L’Autrichienne de 35 ans réalise dorénavant un autre post-doc au Luxembourg. Elle est reconnaissante qu’elle ait obtenu un contrat de deux ans en pleine pandémie. La pratique de nombreux CDD dans la recherche constitue pour elle un problème depuis longtemps. « Il y a de plus en plus de postes post-doc et moins de postes permanents. Voilà pourquoi les gens passent d’un post-doc à un autre et il devient de plus en plus difficile de trouver un emploi permanent. »
Pas de stabilité, pas de prévisibilité
Cette tendance venue de l’étranger se retrouve également dans la nouvelle convention pluriannuelle entre le Ministère de l’Enseignement supérieur, Uni.lu et les centres de recherche publics, critique l’OGBL. Dans les projections jusqu’à 2025, une hausse des CDD est prévue. La proportion des contrats à durée déterminée à Uni.lu augmenterait ainsi de 55,2% à 60%.

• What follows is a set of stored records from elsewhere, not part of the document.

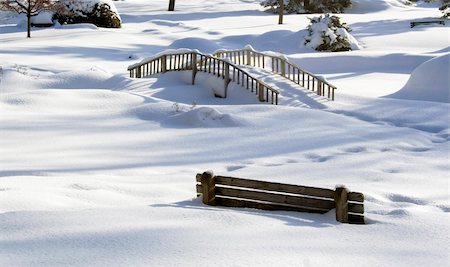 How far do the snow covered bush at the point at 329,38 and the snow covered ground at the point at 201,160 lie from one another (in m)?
3.07

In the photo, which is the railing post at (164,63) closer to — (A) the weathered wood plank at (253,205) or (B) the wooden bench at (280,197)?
(B) the wooden bench at (280,197)

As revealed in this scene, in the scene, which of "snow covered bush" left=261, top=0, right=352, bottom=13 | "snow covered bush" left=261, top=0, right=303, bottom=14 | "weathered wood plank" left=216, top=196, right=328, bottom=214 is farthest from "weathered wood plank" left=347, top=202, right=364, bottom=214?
"snow covered bush" left=261, top=0, right=352, bottom=13

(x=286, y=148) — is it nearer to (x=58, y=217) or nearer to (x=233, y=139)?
(x=233, y=139)

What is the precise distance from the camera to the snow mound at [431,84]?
19.0 m

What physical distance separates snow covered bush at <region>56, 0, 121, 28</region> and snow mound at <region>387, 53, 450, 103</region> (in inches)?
812

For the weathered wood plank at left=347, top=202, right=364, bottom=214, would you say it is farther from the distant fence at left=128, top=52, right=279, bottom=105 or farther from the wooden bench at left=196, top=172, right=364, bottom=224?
the distant fence at left=128, top=52, right=279, bottom=105

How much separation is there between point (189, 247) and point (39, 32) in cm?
2998

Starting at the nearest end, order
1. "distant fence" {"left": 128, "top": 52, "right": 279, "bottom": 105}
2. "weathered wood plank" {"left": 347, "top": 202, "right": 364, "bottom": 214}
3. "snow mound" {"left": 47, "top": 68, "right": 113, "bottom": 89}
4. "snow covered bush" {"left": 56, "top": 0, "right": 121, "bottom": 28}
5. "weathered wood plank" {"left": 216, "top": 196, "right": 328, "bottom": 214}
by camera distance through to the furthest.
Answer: "weathered wood plank" {"left": 347, "top": 202, "right": 364, "bottom": 214} < "weathered wood plank" {"left": 216, "top": 196, "right": 328, "bottom": 214} < "distant fence" {"left": 128, "top": 52, "right": 279, "bottom": 105} < "snow mound" {"left": 47, "top": 68, "right": 113, "bottom": 89} < "snow covered bush" {"left": 56, "top": 0, "right": 121, "bottom": 28}

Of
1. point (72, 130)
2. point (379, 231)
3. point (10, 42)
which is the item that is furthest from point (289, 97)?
→ point (10, 42)

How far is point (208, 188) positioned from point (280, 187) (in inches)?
38.5

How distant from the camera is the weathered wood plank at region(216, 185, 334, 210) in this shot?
7871 millimetres

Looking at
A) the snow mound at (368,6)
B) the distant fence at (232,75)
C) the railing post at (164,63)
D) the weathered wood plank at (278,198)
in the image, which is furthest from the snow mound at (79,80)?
the snow mound at (368,6)

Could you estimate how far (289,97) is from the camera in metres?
19.2

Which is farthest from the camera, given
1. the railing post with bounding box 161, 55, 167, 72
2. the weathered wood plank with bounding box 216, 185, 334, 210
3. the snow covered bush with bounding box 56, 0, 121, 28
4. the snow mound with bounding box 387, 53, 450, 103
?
the snow covered bush with bounding box 56, 0, 121, 28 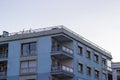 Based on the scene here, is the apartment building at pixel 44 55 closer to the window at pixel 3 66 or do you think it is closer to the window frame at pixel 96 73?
the window at pixel 3 66

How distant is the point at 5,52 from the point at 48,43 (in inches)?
379

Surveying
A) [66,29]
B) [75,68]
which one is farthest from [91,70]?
[66,29]

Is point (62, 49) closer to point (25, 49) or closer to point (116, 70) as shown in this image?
point (25, 49)

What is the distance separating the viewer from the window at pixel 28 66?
172 feet

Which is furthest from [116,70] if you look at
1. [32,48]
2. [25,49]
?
[25,49]

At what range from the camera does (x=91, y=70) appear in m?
61.4

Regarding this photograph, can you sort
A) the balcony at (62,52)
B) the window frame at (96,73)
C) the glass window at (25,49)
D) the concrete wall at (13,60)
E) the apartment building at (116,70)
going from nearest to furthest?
the balcony at (62,52) → the concrete wall at (13,60) → the glass window at (25,49) → the window frame at (96,73) → the apartment building at (116,70)

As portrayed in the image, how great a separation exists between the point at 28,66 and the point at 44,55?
11.4 ft

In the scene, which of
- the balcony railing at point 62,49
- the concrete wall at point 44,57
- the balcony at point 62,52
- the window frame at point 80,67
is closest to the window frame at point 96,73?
the window frame at point 80,67

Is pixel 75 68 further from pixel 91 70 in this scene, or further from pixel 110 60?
pixel 110 60

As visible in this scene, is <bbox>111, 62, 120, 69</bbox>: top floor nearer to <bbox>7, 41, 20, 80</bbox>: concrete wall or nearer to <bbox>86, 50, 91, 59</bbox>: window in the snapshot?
<bbox>86, 50, 91, 59</bbox>: window

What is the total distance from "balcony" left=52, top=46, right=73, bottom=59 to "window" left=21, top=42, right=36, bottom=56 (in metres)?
3.57

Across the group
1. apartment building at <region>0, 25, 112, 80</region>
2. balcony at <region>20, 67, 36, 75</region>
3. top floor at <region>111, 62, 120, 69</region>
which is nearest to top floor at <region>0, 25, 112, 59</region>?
apartment building at <region>0, 25, 112, 80</region>

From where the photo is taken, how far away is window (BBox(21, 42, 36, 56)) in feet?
176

« Or ce sont souvent des personnes d’une trentaine d’années, qui fondent une famille, qui achètent peut-être un logement, qui ont besoin de certitudes en matière de planification au-delà de 5 ans. » selon Frédéric Krier, secrétaire central du SEW/OGBL. Alors que les CDD sont généralement limités à 2 ans, ils peuvent durer jusqu’à 5 ans dans la recherche. Il serait par exemple difficile d’obtenir un prêt dans une telle situation, ajoute Frédéric Krier.
Augmentation du financement externe
« 50% des CDD dans la recherche publique sont des doctorants, le reste des post-docs. », explique Léon Diederich, Premier Conseiller au Ministère de l’Enseignement supérieur. L’augmentation des CDD des prochaines années serait liée au financement externe des projets de recherche.

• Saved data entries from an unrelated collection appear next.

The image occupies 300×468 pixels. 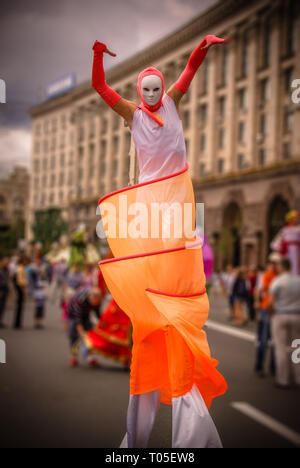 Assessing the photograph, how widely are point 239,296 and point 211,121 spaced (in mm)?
8461

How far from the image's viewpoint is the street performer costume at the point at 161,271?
1507mm

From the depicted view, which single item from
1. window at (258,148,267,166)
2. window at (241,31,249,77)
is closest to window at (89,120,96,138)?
window at (241,31,249,77)

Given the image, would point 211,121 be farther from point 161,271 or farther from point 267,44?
point 161,271

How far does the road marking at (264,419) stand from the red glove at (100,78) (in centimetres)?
338

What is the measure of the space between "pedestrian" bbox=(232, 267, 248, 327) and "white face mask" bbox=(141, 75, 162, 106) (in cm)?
694

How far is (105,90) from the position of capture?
160 cm

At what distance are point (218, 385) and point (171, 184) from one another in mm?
694

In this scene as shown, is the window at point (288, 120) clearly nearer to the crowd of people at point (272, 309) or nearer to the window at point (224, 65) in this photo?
the window at point (224, 65)

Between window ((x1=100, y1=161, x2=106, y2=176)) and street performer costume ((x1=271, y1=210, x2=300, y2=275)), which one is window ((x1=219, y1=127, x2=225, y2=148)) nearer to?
window ((x1=100, y1=161, x2=106, y2=176))

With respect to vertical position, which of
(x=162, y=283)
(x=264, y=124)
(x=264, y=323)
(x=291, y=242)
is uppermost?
(x=264, y=124)

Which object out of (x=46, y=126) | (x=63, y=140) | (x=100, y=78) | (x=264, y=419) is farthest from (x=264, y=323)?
(x=100, y=78)

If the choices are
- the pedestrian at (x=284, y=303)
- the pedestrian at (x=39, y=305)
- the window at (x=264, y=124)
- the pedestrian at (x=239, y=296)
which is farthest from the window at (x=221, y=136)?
the pedestrian at (x=39, y=305)

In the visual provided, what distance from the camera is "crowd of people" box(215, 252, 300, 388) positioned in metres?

« Ce sont pour la plupart des projets entre 3 et 5 ans, avec essentiellement des doctorands et des postdocs. Le financement de ces projets devrait augmenter plus que le financement de base du Ministère. Cela fait que la proportion de CDD augmente légèrement », déclare le haut fonctionnaire. Léon Diederich précise également que les chiffres des conventions sont des approximations, et non pas des objectifs définis.
L’OGBL exige plus de CDI dans l’intérêt du site de recherche Luxembourg
L’OGBL exige plus de CDI. Ceci serait non seulement dans l’intérêt des chercheurs, mais également pour le site Luxembourg, afin de garder le savoir et les compétences au pays.

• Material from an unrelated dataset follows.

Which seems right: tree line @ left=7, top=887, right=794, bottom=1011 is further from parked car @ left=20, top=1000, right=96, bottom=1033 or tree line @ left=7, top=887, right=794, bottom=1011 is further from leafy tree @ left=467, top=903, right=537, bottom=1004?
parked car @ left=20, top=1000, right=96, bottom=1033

Selon la Commission européenne, le Luxembourg serait pourtant attractif pour les chercheurs, affirme Léon Diederich. Les CDD seraient limités aux jeunes chercheurs. Ils devraient même avoir un salaire et une couverture sociale durant leur doctorat au Luxembourg. Ceci vaut d’ailleurs pour tous les pays.
« Les jeunes chercheurs apportent beaucoup de nouvelles connaissances, qu’ils mettent à disposition des entreprises. Or, ces dernières ne sont pas obligées à donner de la stabilité en contrepartie. »
Le désir de Tina Angerer pour plus de stabilité a finalement été exaucé. Même si ce n’est pas au Luxembourg. Elle a obtenu un contrat indéterminé en Suède et va y déménager sous peu avec son mari.